Google が公開している Draco の JavaScript/WASM モジュールをローカルに配置し、 <script> タグで動的にロードする。

// WASM バイナリを fetch
const encoderWasm = await fetch('./draco/draco_encoder.wasm').then(r => r.arrayBuffer());
// JS glue をスクリプトタグで読み込み(グローバルに DracoEncoderModule が定義される)
await loadScript('./draco/draco_encoder.js');
// WASM バイナリを渡してインスタンス化
const encoder = await DracoEncoderModule({ wasmBinary: encoderWasm });

メッシュプリミティブのエンコード

GLB の JSON から各メッシュプリミティブのインデックスと頂点属性を抽出し、 Draco の MeshBuilder API で直接エンコードする。
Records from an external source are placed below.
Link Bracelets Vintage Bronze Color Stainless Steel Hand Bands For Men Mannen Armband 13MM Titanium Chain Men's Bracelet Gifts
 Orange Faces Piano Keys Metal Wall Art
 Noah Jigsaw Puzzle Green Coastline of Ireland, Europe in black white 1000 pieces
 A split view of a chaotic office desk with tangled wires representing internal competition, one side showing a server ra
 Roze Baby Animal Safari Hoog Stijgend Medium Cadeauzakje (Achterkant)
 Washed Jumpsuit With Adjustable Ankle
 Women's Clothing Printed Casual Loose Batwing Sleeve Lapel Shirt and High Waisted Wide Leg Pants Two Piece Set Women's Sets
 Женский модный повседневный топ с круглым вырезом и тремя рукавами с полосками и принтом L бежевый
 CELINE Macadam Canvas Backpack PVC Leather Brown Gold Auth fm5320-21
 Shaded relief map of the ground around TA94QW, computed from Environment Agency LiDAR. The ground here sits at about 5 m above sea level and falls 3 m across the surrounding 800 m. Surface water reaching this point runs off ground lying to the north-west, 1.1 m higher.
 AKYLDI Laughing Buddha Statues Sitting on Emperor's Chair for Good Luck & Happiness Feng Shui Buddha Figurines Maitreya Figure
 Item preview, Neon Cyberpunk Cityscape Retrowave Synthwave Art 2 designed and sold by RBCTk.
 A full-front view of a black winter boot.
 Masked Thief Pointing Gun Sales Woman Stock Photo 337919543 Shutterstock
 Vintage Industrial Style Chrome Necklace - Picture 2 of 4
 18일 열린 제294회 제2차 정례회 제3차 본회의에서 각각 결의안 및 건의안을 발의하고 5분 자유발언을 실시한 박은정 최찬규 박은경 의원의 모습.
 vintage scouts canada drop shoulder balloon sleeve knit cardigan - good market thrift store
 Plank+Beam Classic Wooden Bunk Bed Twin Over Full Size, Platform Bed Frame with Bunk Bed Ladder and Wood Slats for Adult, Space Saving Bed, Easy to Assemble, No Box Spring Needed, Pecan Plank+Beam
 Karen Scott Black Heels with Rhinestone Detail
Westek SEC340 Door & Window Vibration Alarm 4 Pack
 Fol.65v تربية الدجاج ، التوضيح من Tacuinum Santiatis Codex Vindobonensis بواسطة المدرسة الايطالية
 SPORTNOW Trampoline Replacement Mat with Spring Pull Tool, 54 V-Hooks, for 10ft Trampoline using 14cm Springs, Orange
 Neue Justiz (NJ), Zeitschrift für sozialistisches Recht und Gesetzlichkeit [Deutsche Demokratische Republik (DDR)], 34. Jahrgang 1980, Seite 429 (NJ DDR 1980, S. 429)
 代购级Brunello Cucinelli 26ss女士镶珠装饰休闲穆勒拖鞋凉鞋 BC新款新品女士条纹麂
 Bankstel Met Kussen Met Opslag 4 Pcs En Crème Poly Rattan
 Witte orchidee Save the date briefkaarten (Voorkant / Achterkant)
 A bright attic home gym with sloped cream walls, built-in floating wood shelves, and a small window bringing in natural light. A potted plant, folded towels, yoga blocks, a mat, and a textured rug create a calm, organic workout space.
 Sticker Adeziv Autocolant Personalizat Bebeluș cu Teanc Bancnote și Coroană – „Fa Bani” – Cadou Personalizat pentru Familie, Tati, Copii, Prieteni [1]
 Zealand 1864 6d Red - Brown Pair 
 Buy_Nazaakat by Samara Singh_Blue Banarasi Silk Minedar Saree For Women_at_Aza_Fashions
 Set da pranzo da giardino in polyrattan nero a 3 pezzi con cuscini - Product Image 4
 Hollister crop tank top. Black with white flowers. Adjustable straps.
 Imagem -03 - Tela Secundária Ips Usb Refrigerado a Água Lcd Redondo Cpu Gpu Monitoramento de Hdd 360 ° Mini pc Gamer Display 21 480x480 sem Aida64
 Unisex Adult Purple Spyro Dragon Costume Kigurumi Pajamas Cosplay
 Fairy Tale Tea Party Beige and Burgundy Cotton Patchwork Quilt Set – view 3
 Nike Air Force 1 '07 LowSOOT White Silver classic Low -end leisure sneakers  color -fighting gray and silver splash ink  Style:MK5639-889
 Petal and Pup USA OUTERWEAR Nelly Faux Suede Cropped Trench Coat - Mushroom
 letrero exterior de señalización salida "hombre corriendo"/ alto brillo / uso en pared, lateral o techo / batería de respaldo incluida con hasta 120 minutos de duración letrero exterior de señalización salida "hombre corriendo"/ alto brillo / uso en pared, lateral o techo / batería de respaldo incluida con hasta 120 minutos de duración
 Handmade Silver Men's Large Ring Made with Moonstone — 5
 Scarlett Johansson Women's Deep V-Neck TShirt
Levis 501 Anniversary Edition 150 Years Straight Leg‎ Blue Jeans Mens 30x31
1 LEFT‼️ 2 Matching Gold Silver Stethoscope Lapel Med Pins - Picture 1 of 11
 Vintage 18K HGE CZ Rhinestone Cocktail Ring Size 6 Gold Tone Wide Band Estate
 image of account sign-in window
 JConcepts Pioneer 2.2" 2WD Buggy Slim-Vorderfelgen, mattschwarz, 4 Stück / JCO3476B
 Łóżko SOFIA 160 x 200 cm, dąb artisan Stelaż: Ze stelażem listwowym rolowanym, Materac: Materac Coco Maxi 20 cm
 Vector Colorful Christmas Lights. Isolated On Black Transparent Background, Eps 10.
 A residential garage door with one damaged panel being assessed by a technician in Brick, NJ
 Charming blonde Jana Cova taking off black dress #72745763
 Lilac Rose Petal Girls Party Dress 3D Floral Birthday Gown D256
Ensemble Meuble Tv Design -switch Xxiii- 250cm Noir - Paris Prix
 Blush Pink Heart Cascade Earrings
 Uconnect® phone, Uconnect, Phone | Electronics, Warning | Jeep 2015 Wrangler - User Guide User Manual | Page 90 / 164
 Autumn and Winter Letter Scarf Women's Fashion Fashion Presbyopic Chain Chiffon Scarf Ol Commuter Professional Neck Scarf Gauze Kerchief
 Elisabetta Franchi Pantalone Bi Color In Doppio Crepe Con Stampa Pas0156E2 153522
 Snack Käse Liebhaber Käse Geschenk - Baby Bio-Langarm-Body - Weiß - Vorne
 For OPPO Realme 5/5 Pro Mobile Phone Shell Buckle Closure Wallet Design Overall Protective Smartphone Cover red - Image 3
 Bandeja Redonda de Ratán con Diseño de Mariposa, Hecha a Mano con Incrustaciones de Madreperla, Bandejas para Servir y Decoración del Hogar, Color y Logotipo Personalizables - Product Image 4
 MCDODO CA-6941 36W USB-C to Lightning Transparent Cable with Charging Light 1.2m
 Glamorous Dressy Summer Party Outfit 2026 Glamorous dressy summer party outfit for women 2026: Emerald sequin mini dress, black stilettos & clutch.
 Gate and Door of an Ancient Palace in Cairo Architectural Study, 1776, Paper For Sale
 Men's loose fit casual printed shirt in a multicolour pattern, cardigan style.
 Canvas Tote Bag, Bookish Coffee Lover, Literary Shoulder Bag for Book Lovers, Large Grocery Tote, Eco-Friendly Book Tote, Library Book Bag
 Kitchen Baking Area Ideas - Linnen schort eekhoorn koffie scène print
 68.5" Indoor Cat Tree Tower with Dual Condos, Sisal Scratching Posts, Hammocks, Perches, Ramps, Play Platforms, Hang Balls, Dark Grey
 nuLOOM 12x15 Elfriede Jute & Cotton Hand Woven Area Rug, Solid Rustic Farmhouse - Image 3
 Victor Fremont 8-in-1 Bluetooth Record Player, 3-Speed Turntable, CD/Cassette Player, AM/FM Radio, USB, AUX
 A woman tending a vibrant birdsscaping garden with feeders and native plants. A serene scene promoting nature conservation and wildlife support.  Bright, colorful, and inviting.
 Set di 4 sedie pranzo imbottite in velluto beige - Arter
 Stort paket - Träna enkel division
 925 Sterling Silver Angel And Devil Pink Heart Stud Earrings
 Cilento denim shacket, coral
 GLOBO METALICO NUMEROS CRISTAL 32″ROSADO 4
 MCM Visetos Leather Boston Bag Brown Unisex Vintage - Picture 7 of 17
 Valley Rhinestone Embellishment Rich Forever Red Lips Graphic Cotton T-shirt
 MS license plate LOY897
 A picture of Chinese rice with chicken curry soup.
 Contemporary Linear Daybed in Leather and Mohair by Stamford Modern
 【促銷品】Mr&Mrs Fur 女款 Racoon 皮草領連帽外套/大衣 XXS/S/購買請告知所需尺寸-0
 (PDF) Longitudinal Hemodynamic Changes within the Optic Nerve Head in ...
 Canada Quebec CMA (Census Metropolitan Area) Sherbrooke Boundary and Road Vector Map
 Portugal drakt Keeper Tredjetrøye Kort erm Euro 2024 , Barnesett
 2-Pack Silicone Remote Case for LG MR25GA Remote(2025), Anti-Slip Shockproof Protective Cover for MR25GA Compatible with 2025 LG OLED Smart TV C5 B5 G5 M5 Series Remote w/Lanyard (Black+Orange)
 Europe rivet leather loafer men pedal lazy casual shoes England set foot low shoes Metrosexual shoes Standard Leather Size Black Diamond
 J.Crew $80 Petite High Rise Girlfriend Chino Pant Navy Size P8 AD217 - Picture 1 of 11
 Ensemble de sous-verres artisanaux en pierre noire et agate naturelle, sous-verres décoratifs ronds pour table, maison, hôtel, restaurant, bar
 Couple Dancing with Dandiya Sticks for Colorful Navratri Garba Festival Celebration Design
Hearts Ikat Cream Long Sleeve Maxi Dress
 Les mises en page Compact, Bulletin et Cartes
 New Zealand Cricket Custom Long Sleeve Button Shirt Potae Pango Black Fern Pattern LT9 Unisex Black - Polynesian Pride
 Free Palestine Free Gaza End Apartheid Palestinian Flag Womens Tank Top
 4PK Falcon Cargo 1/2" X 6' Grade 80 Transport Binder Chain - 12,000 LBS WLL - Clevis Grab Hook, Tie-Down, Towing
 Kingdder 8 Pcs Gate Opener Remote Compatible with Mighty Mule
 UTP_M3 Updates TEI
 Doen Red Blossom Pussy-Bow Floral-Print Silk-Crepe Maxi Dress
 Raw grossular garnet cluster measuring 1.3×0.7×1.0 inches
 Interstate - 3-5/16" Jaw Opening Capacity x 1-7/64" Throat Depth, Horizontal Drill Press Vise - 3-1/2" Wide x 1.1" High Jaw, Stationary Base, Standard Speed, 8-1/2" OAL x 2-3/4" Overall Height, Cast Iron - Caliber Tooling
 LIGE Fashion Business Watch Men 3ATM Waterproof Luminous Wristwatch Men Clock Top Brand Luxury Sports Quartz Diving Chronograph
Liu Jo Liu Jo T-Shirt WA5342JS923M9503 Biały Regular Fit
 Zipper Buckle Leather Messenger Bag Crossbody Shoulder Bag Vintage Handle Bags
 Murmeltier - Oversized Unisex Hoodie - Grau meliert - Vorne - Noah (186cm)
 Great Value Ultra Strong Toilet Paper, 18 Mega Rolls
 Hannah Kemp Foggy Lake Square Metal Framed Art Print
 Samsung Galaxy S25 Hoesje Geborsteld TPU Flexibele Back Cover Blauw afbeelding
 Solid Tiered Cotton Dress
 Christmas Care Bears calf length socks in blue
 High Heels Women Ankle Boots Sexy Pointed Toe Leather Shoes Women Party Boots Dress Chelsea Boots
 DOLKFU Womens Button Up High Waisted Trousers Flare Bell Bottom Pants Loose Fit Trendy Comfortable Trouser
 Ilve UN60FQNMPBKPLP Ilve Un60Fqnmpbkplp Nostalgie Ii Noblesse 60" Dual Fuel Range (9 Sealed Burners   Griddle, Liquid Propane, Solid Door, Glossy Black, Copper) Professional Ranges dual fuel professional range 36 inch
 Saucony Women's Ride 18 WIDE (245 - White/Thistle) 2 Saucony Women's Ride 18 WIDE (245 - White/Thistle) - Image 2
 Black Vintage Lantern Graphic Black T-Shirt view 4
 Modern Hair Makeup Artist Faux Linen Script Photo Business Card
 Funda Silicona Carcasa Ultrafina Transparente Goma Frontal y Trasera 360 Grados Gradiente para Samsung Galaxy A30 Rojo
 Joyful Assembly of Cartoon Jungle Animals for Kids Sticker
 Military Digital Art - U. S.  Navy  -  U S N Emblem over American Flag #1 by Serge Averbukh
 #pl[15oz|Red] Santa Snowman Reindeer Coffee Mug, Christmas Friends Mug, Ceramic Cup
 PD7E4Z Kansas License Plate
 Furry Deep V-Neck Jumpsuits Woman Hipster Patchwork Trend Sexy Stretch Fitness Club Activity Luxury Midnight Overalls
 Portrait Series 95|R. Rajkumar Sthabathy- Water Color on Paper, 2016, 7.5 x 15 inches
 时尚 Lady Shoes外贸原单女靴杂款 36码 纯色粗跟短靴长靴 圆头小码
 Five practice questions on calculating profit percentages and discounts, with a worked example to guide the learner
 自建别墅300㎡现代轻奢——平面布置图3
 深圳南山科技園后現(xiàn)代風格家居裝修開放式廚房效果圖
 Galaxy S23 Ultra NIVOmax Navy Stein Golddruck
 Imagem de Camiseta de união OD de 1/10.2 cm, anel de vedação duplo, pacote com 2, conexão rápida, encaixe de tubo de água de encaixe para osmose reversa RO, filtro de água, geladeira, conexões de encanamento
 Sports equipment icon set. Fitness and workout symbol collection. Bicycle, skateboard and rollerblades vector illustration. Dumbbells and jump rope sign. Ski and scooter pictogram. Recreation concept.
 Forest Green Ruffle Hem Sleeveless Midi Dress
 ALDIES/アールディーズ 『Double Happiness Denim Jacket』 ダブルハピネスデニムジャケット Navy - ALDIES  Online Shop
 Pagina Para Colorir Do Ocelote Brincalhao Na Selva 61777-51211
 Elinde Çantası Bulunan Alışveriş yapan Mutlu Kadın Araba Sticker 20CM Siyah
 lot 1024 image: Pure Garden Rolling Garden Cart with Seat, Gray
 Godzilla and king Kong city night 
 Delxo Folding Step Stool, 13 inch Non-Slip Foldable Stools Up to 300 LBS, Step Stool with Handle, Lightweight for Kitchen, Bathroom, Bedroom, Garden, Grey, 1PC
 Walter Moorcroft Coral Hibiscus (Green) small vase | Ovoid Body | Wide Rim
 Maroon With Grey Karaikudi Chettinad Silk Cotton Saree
const meshBuilder = new encoder.MeshBuilder();
const dracoMesh = new encoder.Mesh();
// 三角形インデックスを追加
meshBuilder.AddFacesToMesh(dracoMesh, numFaces, faces);
// 頂点属性(POSITION, NORMAL, TEXCOORD等)を追加
meshBuilder.AddFloatAttributeToMesh(dracoMesh, encoder.POSITION, count, 3, positions);
// エンコード実行
const enc = new encoder.Encoder();
enc.SetEncodingMethod(encoder.MESH_EDGEBREAKER_ENCODING);
enc.EncodeMeshToDracoBuffer(dracoMesh, encodedData);

エンコード後のバイナリを新しい bufferView として GLB のバイナリチャンクに追加し、 各プリミティブに KHR_draco_mesh_compression 拡張を付与して GLB を再構築する。

3. Astro環境におけるWASM/JSモジュールの配信

Dracoエンコーダおよびデコーダ(.wasm.js)をクライアントサイドで動的に読み込む場合、Astroのビルドプロセスにおけるファイルパスの解決に注意が必要です。

スクリプトファイル内で相対パス(例: ./draco_encoder.wasm)を指定すると、ルーティングの階層によっては404エラーが発生します。これを回避するため、静的アセットはプロジェクトルートの public/ ディレクトリ内に配置します。

/public
  └─ /draco
       ├─ draco_encoder.wasm
       ├─ draco_decoder.wasm
       ├─ draco_encoder.js
       └─ draco_decoder.js

コード側からは、ルート相対パス(/draco/〜 またはツールを配置するディレクトリベースパス)を利用して fetch および script タグの挿入を行うことで、開発サーバー・ビルド後の環境を問わず確実にアセットをロードさせることができます。

4. 圧縮結果と検証

本ツールの性能検証として、フォトグラメトリによって生成された「観音崎砲台跡」のGLBモデルに対して圧縮処理を行いました。

  • オリジナルサイズ: 53.4 MB
  • 圧縮後サイズ: 7.4 MB
  • 圧縮率: -86.2%

WebP変換(品質 75%、最大テクスチャサイズ 2048px)およびDraco圧縮を併用することで、視覚的な劣化を最小限に抑えたまま約86%の容量削減を達成しました。 また、出力されたGLBファイルはBabylon.js Sandbox等の厳格な外部ビューアー上でもエラーなく描画されることが確認できており、glTF/GLBの標準仕様に完全準拠したフォーマットとして出力されています。

まとめ

Astroの単一ページ内で、OffscreenCanvas を用いたWebP変換と、Google Draco WASM エンコーダを用いたジオメトリ圧縮を統合しました。

これにより、サーバーリソースを消費することなく、クライアントサイドの処理のみでセキュアかつ高速に3Dアセットの最適化が可能となりました。

本ツールは今後の3Dコンテンツ制作において、Webアップロード前のアセット最適化パイプラインとして活用していきます。